Painless,... If I do need to die (heavens forbid that they don't invent anything to prevent it) I would rather die quiet and painlessly,... If It where to die heroïcally,... (that would be the last option if : I wouldn't have already had a heroïc life behind me, with lots of realisations) then I would choose to die for a cause,... My cause,...ofcourse,...hehehe! about suicide,...been there, done that,...know what you mean,... but there's no shame nor blame,... I would frase it like this: something to die for is life itself; hence it's life that take's life, giving life back to life, is denying a gift, verry rude, but when life not pleasant anymore, then dying is no answer to the cause,... something to live for is eternal life, and it's death (or the suffering of life or the idear of death) that gave reason to this. Taking what is not ours to take, just cause life itself couldn't give eternal life without consent of death. when death is not a consent factor of life anymore then living in existence itself is also no answer to the cause,.... Thx :bugeye:
How would I die, commit suicide? Parachute jump without the parachute. Fun, painless(you'd think), impressive splatter. Or, fall into an industrial mincing machine and bring a whole new meaning to the words 'eat me'. Or die in enemy's closet after they have just left for a long vacation.

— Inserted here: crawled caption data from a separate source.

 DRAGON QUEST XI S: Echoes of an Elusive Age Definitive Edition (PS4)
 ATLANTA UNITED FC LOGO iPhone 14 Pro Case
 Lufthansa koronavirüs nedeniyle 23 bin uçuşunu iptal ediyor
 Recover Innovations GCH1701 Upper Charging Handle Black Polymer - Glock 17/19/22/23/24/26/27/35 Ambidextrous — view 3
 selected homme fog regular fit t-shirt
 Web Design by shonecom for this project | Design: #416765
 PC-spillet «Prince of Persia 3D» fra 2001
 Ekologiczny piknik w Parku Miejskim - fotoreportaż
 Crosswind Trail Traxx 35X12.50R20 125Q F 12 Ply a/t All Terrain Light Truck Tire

You never die, death is just a passing to a brand new life, you cast off this mortal shell, and go on to a higher plain. you can return if you so wish, but would you really want to, i will die knowing that i have a choice to return or not, as i beleave in the japanese and chinese cultures,as these are what i practice.
Yo Blastoff! I'll be a real pain in the ass and quote you here and say like the other f*ckers here: PROVE IT hehehePlease Register or Log in to view the hidden image!

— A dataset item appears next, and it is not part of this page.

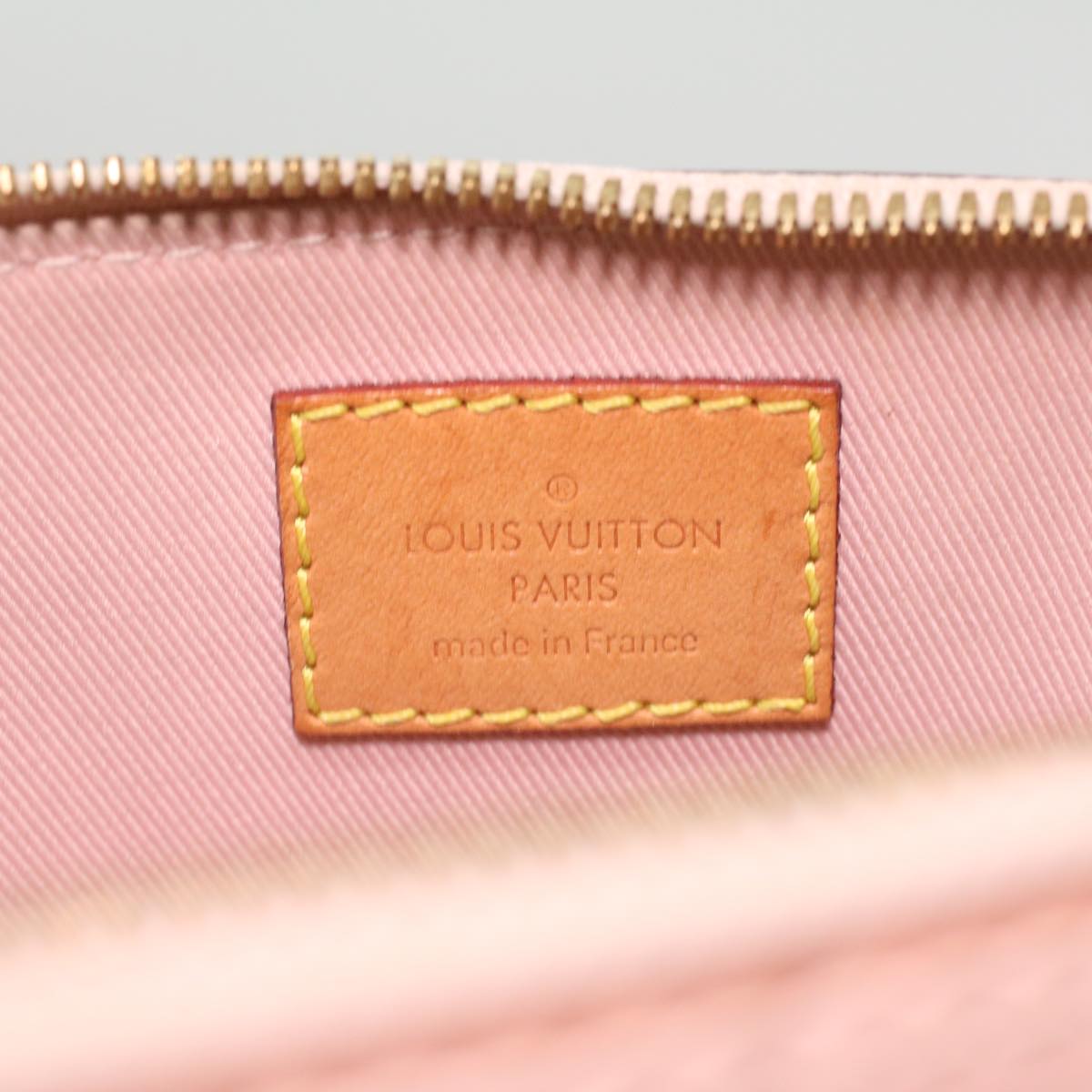 Louis Vuitton Pink Patent leather Alma BB handbag bag – Luxe Supply Company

To die pumped... At age 113, just as I'm grinding out my last 305 pound rep in set of bench presses, I suffer a massive cerebral aneurysm. Though just prior to the moment of my death I manage to straighten my elbows and thus complete the set. Michael
I think either heroically would be a nice way to go, in my lovers arms (whoever she may be, whether or not she's the one I talk about in life the universe and everything). I'd have just been stabbed after making the speech of the century, convincing followers that would fight for my cause until the sun explodes (or sheds its outer layers). But I will live forever. In writing! Writing is the key to immortality! I think that if my works are unsuccesful I'd like to go peacefully as an old man with plenty of hope left in him. I'd die in my sleep, and then a few years later someone who worked at the New York Times or something would find my book in the attic of an old library and start flipping through the pages. Although [logically presuming] I wouldn't know it I'd be the next Herman Melville! As for suicide, of course it isn't funny, I haven't really given it too much thought (gosh I'm just such a happy go-lucky guy!), but at one point it was just an option, whenever I glanced at a knife and my mind was wandering I would think 'all of your troubles will be over.' I don't intend to go easily. I'll go when I'm damn well ready! Onward! (points short sword forth into legion of oncoming chariots)!

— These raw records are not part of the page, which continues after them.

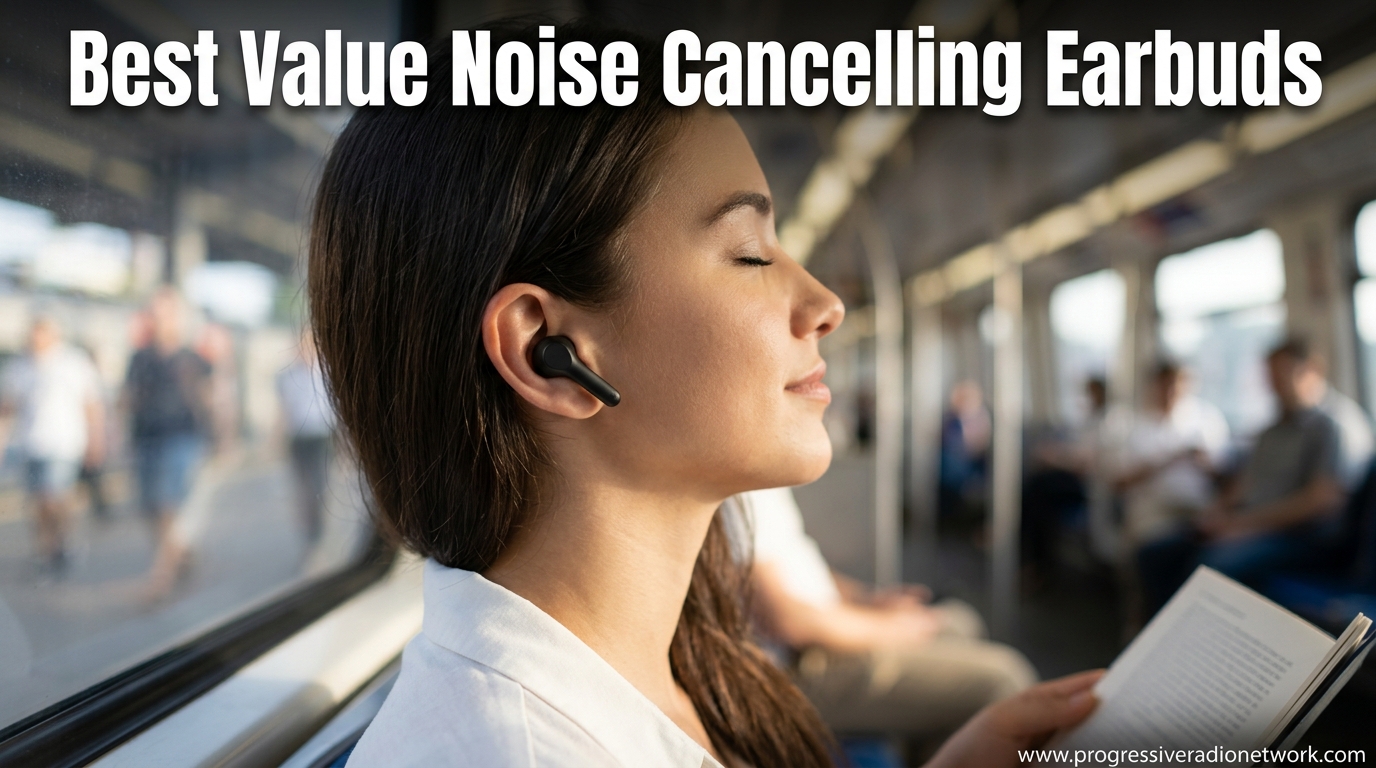 Best Value Noise Cancelling Earbuds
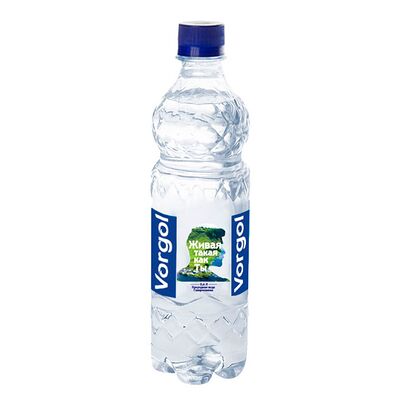 Природная газированная вода Vorgol в пластике в Стикер кофе по цене 270 ₽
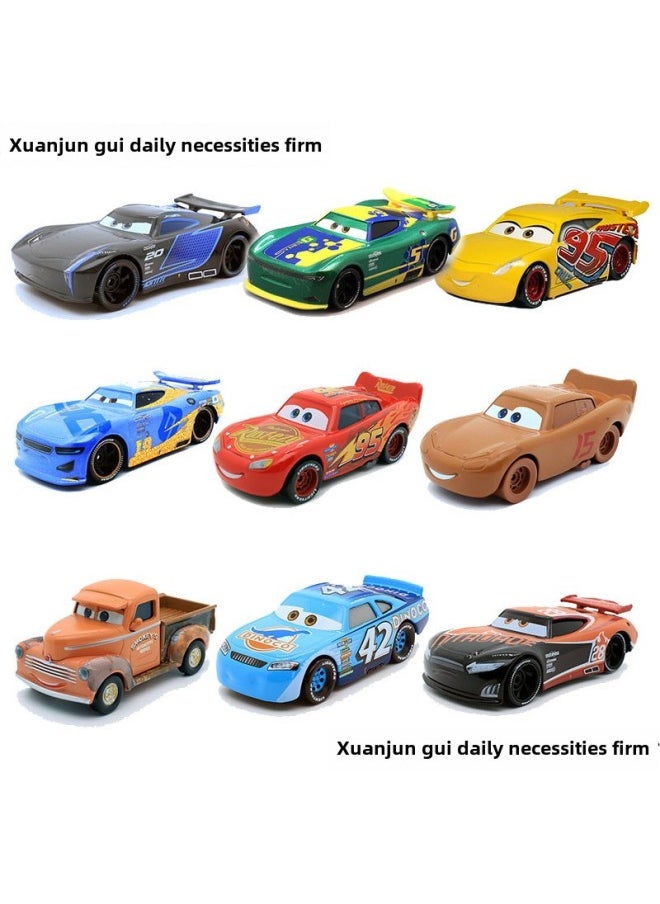 Lightning McQueen Racing Car Story Black Storm Jackson Toys Rust Remover Cool Sister Old Morcar-Color:No. 56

Please don't make fun of me. Fighting and through my death saving the women I love. I guess I just want to fall in love. Anyway, I'd never go down without a fight.
If I was going to die on my own terms, I would want to die in the middle of a battle field. Well actually, some secluded spot. I would want to kill as many enemies as possible from very long range (at least 600 meters away) until I was finally spotted and killed. I figure, if I am going to die, might as well make use of my last few hours living.